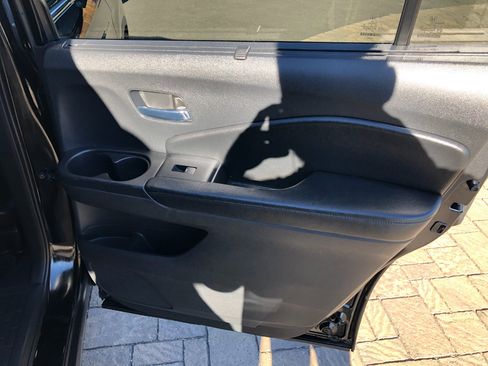 Used 2016 Honda Pilot EX-L image 27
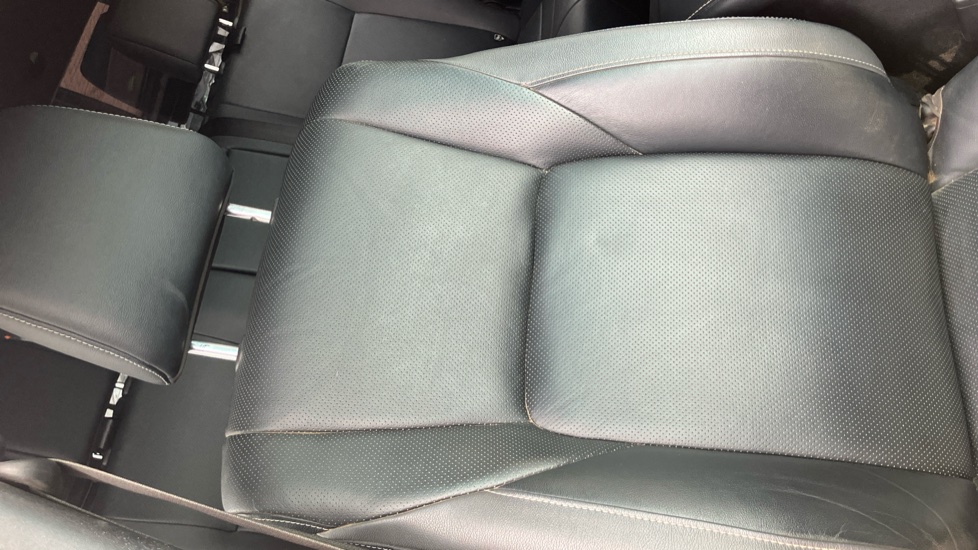 Toyota Hilux Diesel Invincible X D/Cab Pick Up 2.8 D-4D Auto - Image 14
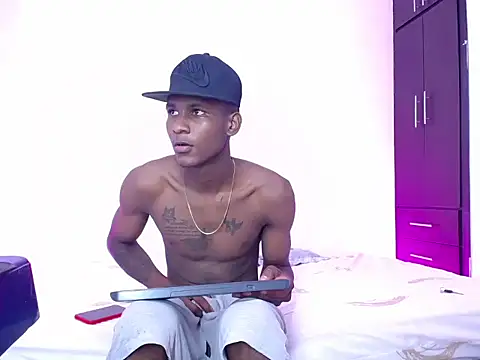 Snapshot of TITAN_SEX333 chatting on October 14, 11:27 pm TITAN SEX333 online show from October 14, 11:27 pm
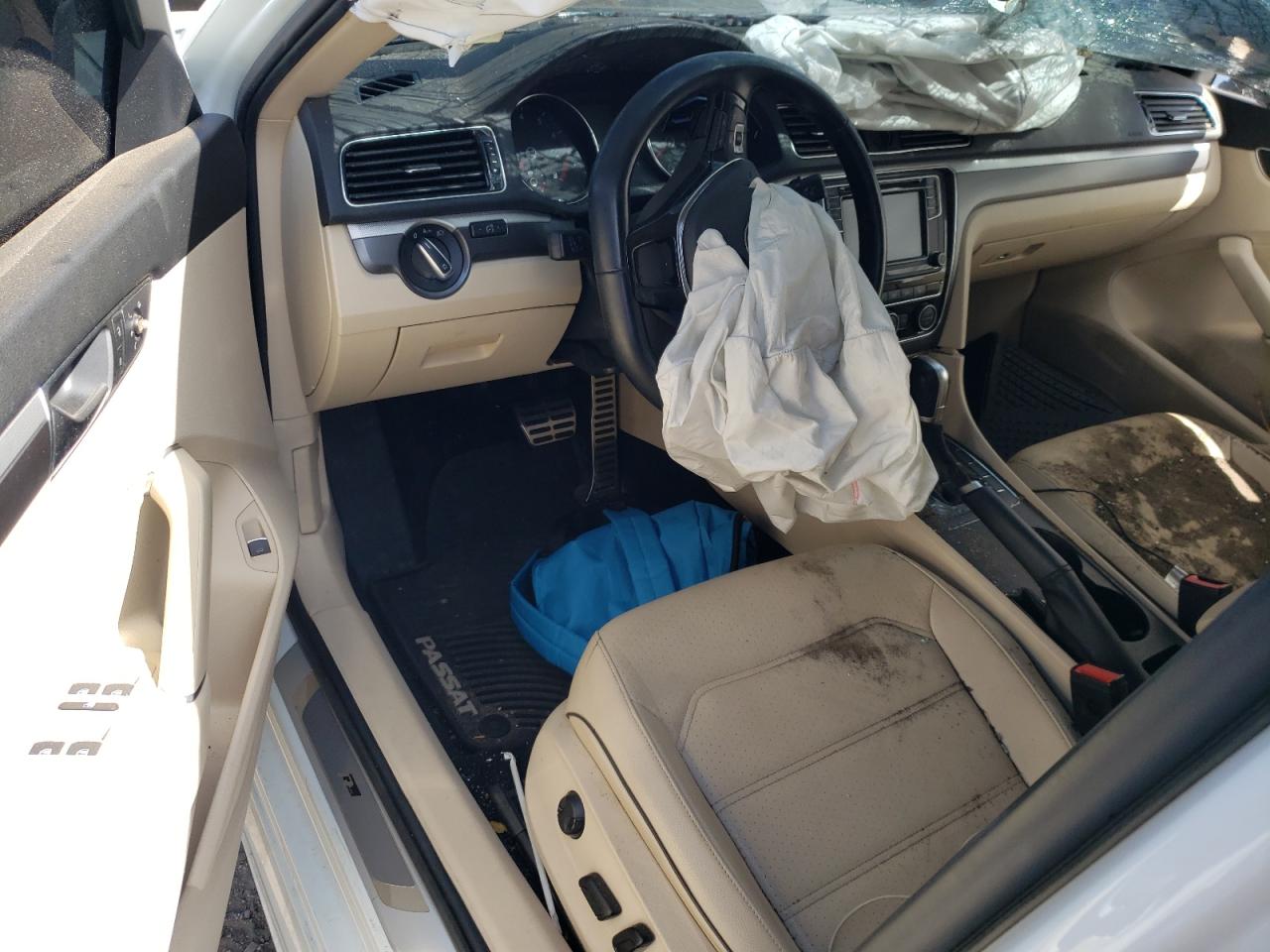 1VWDT7A36HC051973 2017 Volkswagen Passat R-Line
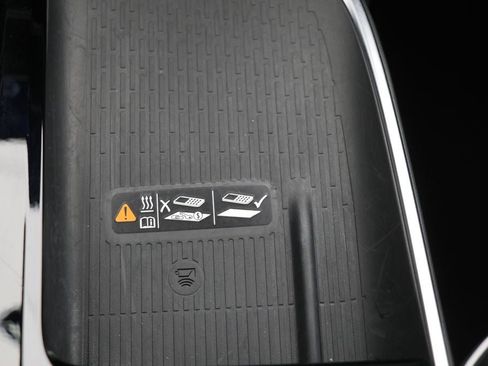 Used 2025 Buick Enclave Preferred image 25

Problem>
Each line of the records is to be reproduced exactly, and each picture dropped.

Result for this exercise>
 Used 2016 Honda Pilot EX-L image 27
 Toyota Hilux Diesel Invincible X D/Cab Pick Up 2.8 D-4D Auto - Image 14
 Snapshot of TITAN_SEX333 chatting on October 14, 11:27 pm TITAN SEX333 online show from October 14, 11:27 pm
 1VWDT7A36HC051973 2017 Volkswagen Passat R-Line
 Used 2025 Buick Enclave Preferred image 25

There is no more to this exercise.